For cardiac MRI, general anesthesia was directed and supervised by a board-certified anesthesiologist (TKA). Hct was measured at the time anesthesia was induced. After food had been withheld for 12 hours, dogs were sedated with butorphanol (0.2 to 0.4 mg/kg IM) and either acepromazine (0.02 to 0.05 mg/kg IM) or midazolam (0.2 mg/kg IM), followed by placement of an IV catheter. Anesthesia was induced with propofol (2 to 6 mg/kg IV) and was maintained with isoflurane after orotracheal intubation. Additional medications such as parasympatholytics and IV fluids were given as needed to maintain blood pressure. Patients received volume-controlled positive-pressure mechanical ventilation (10 to 15 mL/kg), with adjustment of the respiratory rate to maintain an end-tidal partial pressure of carbon dioxide of 35 to 45 mm Hg. Anesthetic monitoring included heart rate, respiratory rate, oxygen saturation, blood pressure (measured invasively), and end-tidal partial pressure of carbon dioxide.

ECG

After dogs were anesthetized, they were positioned in right lateral recumbency, and a 12-lead ECG was recorded at 50 mm/second with optimized sensitivity. Heart rhythm was assessed, and mean heart rate, mean electrical axis, deflection amplitudes, and interval durations were measured. The number of leads with QRS notching and the specific leads that exhibited QRS notching were also recorded.31 Recorded values were the mean of at least 3 separate complexes, and all measurements were performed collectively at the end of the enrollment period by the same investigator (WAC).

Cardiac MRI

After the ECG recording was obtained, a brief, full-body fluoroscopic examination was performed to screen for metallic foreign material that would prevent cardiac MRI from being performed safely. Cardiac MRI was performed with a 3.0-T clinical MRI scanner (Ingenia; Philips Healthcare). Dogs were positioned in dorsal recumbency, and cardiac MRI-safe electrodes were attached to both sides of the thoracic wall for ECG triggering of image acquisition.

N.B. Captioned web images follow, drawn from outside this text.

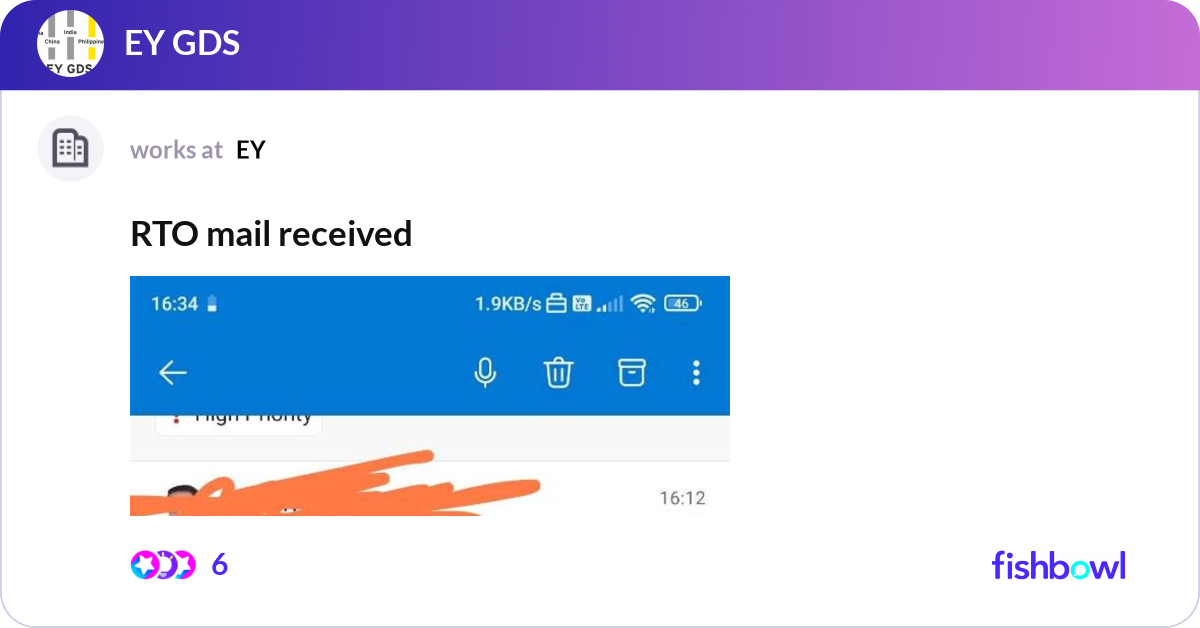 Amazon Rto Email RTO mail received | Fishbowl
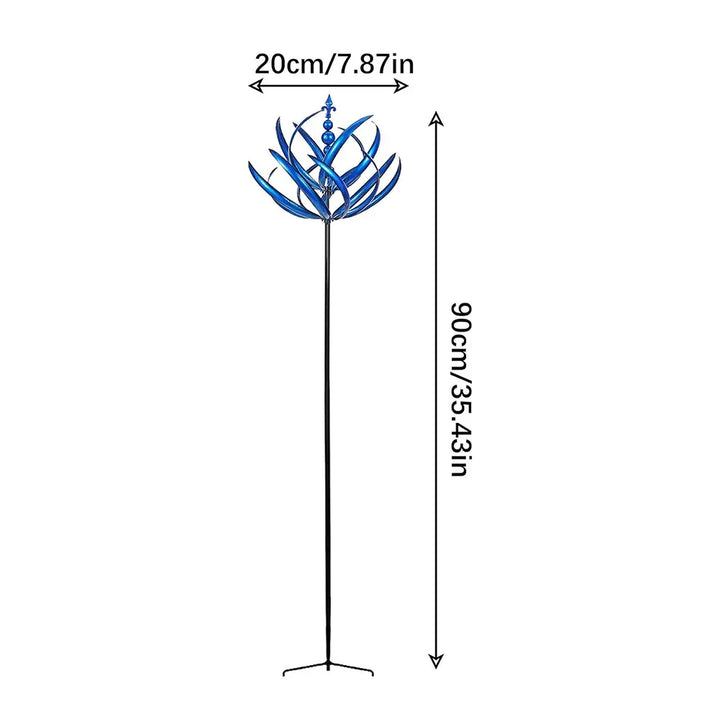 Metal Windmill Sculpture - Decorative Outdoor Art Piece-Orizon Depot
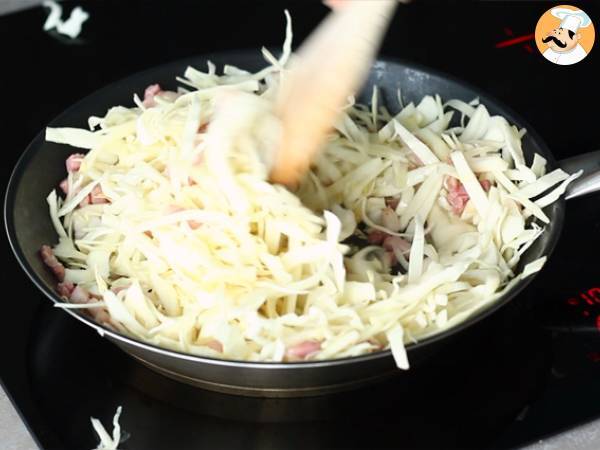 Cavolo stufato con pancetta - Preparazione tappa 2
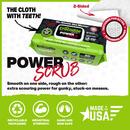 Crocodile Cloth&reg; White 15 x 10 in. Wipes (Pack of 80) 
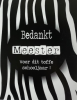 meester zebra postkaart 182131539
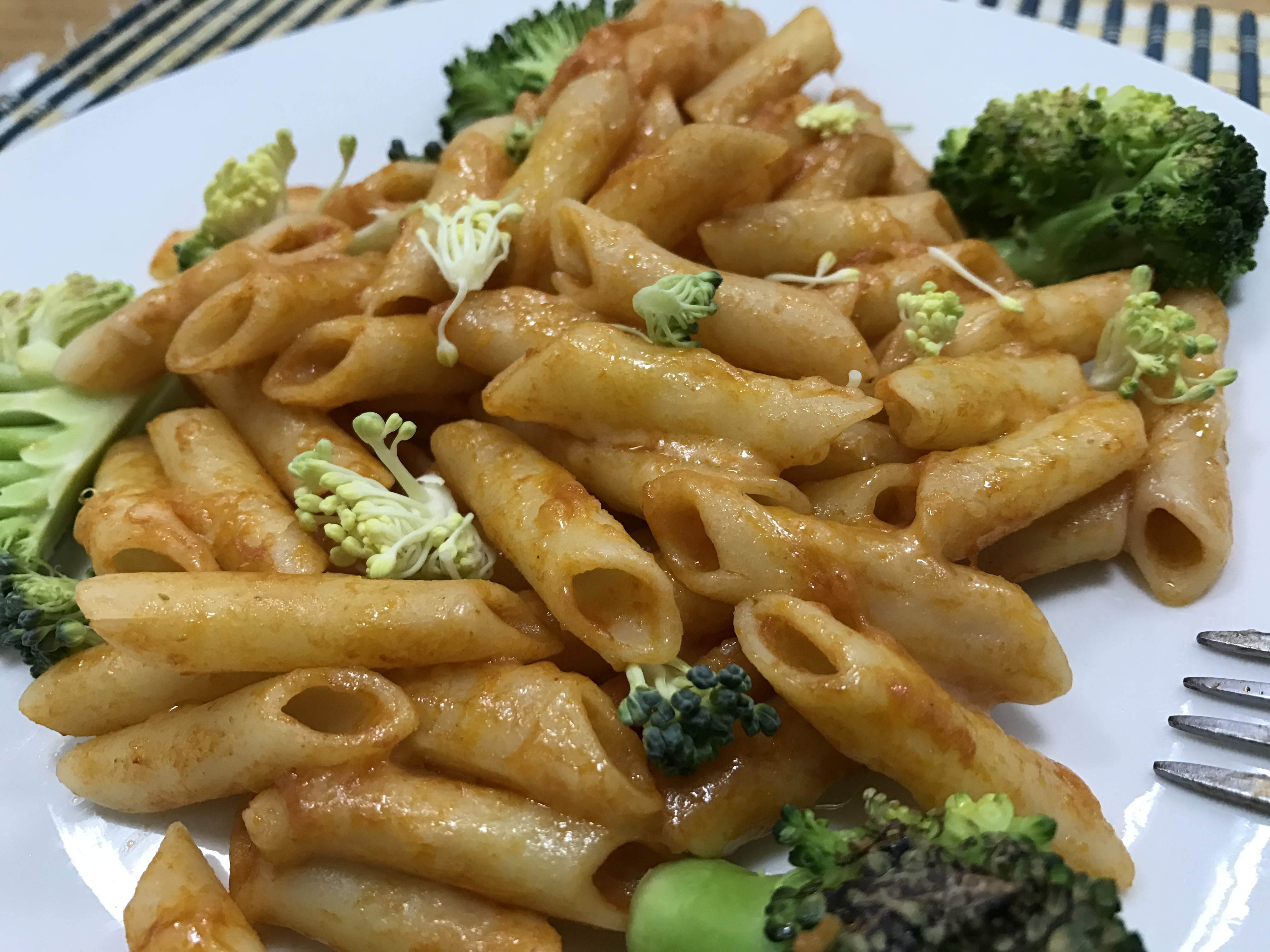 macarrones con brócoli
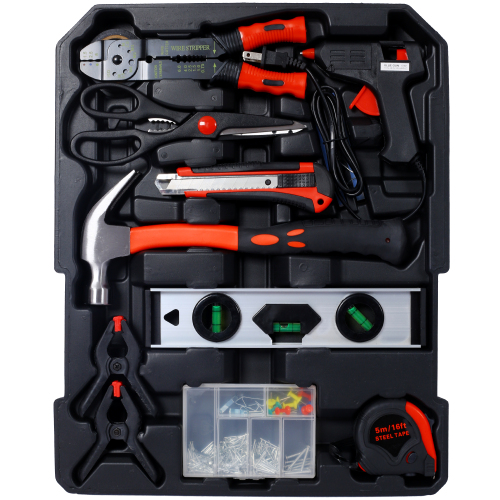 969pcs Home Repair Tool Set Kit For Men, Toolbox Storage Case With 4 Drawers, General Household Tool Kit With Rolling Tool Box, Tool Set Kit For Maintenance, Garden, Homeowner, Handyman -Black photo 6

Images were acquired at the diastolic phase during an end-expiratory breath hold to limit movement of the heart induced by respiration.

Survey images were obtained to assess cardiac geometry and identify planes of interest, and the following scans were then performed: (1) balanced turbo field echo cine sequence imaging with sensitivity encoding in the 4-chamber, left ventricular outflow tract, short axis, and left ventricular 2-chamber planes32; (2) balanced turbo field echo multiple single-slice cine sequence imaging in the 4-chamber, left ventricular outflow tract, and short-axis planes; (3) precontrast native T1 mapping in the short-axis plane at the interventricular septum and left ventricular posterior wall with a modified Look-Locker inversion recovery sequence33; and (4) T2 gradient-spin-echo (GraSE) mapping multiecho sequence imaging. Precontrast and postcontrast T1 measurements of the blood pool near the myocardium were also obtained for calculation of extracellular volume (ECV). For these scans, 3 to 5 slices parallel to the short-axis plane and 3 to 5 slices parallel to the 4-chamber plane were obtained, as determined by patient size. The slice thickness was 4.00 mm, the echo time was 1.848 ms, and the repetition time was 3.6968 ms. After completion of these sequences, an IV injection of gadodiamide (0.1 mmol/kg34), a gadolinium-based contrast agent, was administered. Seven minutes after contrast administration, the following scans were performed: (1) inversion recovery turbo field echo sequencing in the short-axis plane and (2) turbo field echo sequence imaging with phase-sensitive inversion recovery in the short-axis and 4-chamber planes. Fifteen minutes after contrast administration, T1 mapping was performed. Inversion time was determined individually on the basis of inversion recovery turbo field echo sequencing performed 7 minutes after contrast administration (Look-Locker).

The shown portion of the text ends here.